=== Required action ===
Find the line that contains "Young Woman Admiring", then repeat it and each line after it to the end of the records, exactly.

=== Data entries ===
_ _ _

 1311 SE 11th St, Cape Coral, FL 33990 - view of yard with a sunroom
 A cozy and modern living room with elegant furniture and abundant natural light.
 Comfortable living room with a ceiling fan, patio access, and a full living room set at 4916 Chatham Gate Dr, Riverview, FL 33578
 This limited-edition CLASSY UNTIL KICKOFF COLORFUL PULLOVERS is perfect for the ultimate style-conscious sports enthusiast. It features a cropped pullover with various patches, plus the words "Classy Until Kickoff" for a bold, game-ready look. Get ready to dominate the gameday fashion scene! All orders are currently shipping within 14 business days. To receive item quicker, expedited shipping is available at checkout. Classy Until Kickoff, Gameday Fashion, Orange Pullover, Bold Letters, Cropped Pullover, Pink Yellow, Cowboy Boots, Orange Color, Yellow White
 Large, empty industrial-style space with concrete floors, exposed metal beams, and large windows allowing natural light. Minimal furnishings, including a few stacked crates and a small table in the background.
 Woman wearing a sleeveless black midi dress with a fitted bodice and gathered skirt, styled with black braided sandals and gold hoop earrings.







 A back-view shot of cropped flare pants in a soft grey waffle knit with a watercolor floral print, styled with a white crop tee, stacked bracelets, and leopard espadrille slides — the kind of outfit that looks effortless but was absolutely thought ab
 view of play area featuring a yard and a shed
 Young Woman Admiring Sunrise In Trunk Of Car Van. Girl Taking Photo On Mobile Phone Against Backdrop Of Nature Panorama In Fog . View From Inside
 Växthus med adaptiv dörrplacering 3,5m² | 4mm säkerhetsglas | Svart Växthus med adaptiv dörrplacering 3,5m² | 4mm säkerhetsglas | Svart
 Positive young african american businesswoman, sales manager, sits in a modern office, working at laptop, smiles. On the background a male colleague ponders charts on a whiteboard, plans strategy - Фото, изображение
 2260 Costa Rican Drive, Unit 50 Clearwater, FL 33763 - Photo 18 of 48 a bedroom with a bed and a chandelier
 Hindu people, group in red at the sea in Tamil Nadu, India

_ _ _

=== Answer space ===
 Young Woman Admiring Sunrise In Trunk Of Car Van. Girl Taking Photo On Mobile Phone Against Backdrop Of Nature Panorama In Fog . View From Inside
 Växthus med adaptiv dörrplacering 3,5m² | 4mm säkerhetsglas | Svart Växthus med adaptiv dörrplacering 3,5m² | 4mm säkerhetsglas | Svart
 Positive young african american businesswoman, sales manager, sits in a modern office, working at laptop, smiles. On the background a male colleague ponders charts on a whiteboard, plans strategy - Фото, изображение
 2260 Costa Rican Drive, Unit 50 Clearwater, FL 33763 - Photo 18 of 48 a bedroom with a bed and a chandelier
 Hindu people, group in red at the sea in Tamil Nadu, India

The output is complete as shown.